7.2.4 Analysis layer

Through analysis, we can establish the extent of a fault indicated in the Awareness layer. Depending on the type of component identified, the relevant analysis policy is selected from the Knowledge Base Module. The analysis policy will then determine the extent of the fault. Calculations are performed using the analysis policy, which are then passed to the Adjustment layer. For example, if a sonar fault has been identified in the Awareness layer, then an analysis policy can determine how many of the sonar sensors on the array are disabled. Specialized policies can determine if the sonar sensor is reporting the correct distance data by comparing results with adjacent sonar sensors. Other examples include wheel alignment policies. If the Awareness layer determines there is an alignment fault, then a policy can be used to determine how much the robot’s alignment is from the expected true alignment. The value returned would be labeled as the offset value. The offset value can then be passed to the Adjustment layer.

Another property of the Analysis layer is the ability to determine if current tolerance values are too sensitive. If a tolerance value is set too ‘high,’ then this can result in the Awareness layer reporting a fault during the next autonomic feedback loop process. The Analysis layer can make the necessary adjustment to the tolerance values if required. For example, if a wheel alignment tolerance value is set in the knowledge base as 10 m, then this might need to change if the terrain the robot is operating in prevents the robot arriving at a destination with any significant accuracy. The wheel alignment tolerance value could then be adjusted to 20 m.

If tolerance adjustment is required, the Reactive Control loop will redirect back to the Awareness layer for re-evaluation. Once the fault calculations are made in the Analysis layer, then the fault parameter data are passed to the Adjustment layer.

7.2.5 Adjustment layer

Using the fault parameter data supplied by the Analysis layer, the Adjustment layer will select the appropriate adjustment policy from the knowledge base module. Calculations are then performed so that a compensation strategy can be employed to handle the component fault. Adjustment calculations may determine if there can be no resolution to the current fault. For example, if all sonar sensors are reported as being disabled, then the sonar sensor array cannot be used to detect objects along the robot’s path. In this case, a message is sent to the System Manager (output module) to report that no compensation can be made to the reported fault. However, an adjustment calculation can be made, i.e., if there is at least one sonar sensor still operable, then a adjustment policy can be deployed.

Fig. 20
figure 20

UML sequence diagram showing the relationships within the AIFH adjustment layer

Fig. 21
figure 21

AIFH autonomic architecture for fault handling in mobile robots

When the adjustment policy is deployed, the Reactive Control loop will send the compensation parameters to the System Manager (Task Module). The Task Module will then direct the effectors/sensors to operate using the new adjustment policy. To test the compensation strategy is successful, the Health Check Module will then re-initiate the control loops in the Autonomic Manager (Awareness layer). The Component Health Check in the Awareness layer will check the component against current tolerance limits. If the adjustment policy is successful, the Reactive Control loop will redirect back to the Health Check Module in the System Manager to report that no faults are pending. Figure 20 shows an UML Sequence representation of the modules and process routes within the Adjustment layer.
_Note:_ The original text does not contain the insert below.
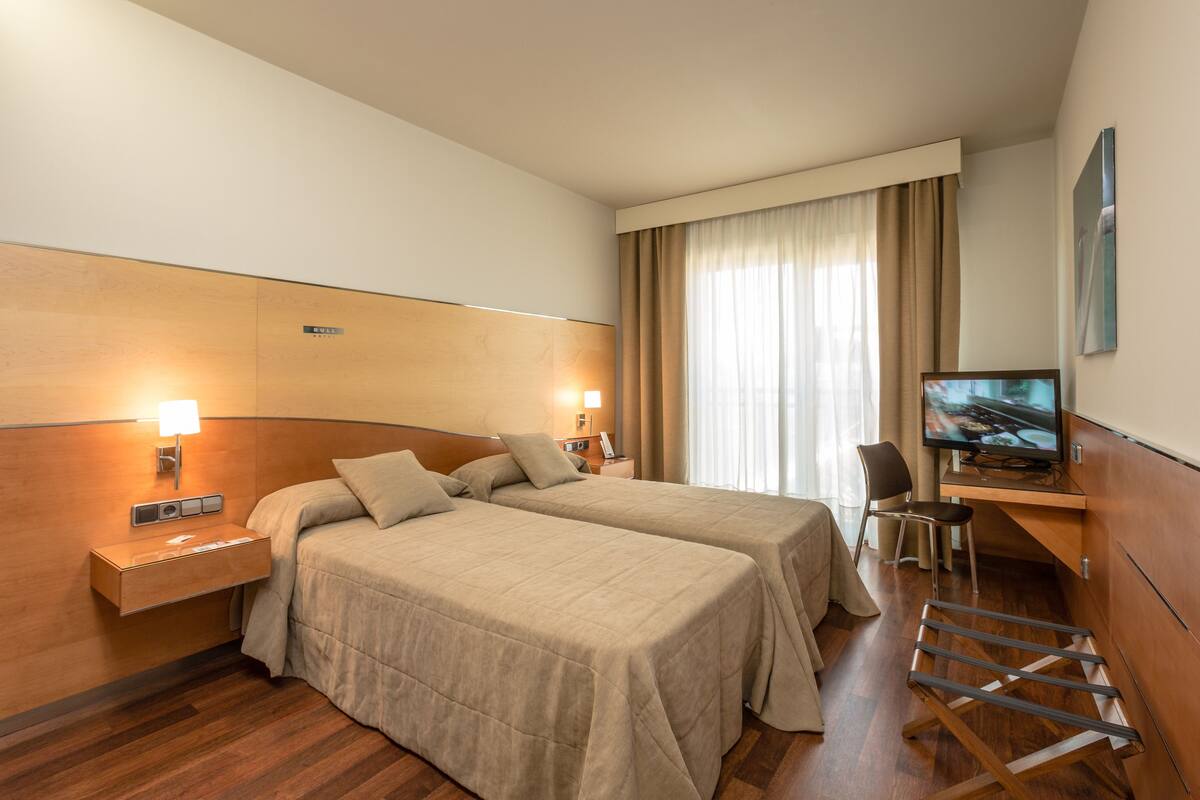 A hotel room with two beds, a desk, a chair, a television, and a window with curtains.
7.2.6 AIFH autonomic architecture summary

The AIFH architecture was initially developed using principles found in the MAPE-K and IMD architectural models [8] [9]. Further development of the AIFH architecture was achieved by using the research carried out in the case studies performed in Sect. 6. Figure 21 shows how the Autonomic Manager (containing the three layers, awareness, analysis and adjustment) is integrated with the System Manager. The System Manager is responsible for executing commands to the mobile robot via the effectors and sensors. The System Manager is also responsible for running task procedures and health check monitoring. The Autonomic Manager provides a mechanism for detecting faults, analyzing faults and providing policies that can compensate for faults. The ‘autonomic intelligence’ in the awareness layer not only flags component faults but also provides a means of monitoring sensor data and reporting to the User/Mission Control, if certain component behaviors may indicate an impending fault. Within the Analysis layer, there are policies that can adjust tolerance thresholds. These policies are important as an over-sensitive tolerance value may lead to faults being reported continuously within the Reaction loop (between the Awareness and Analysis layers), therefore creating an infinite fault state.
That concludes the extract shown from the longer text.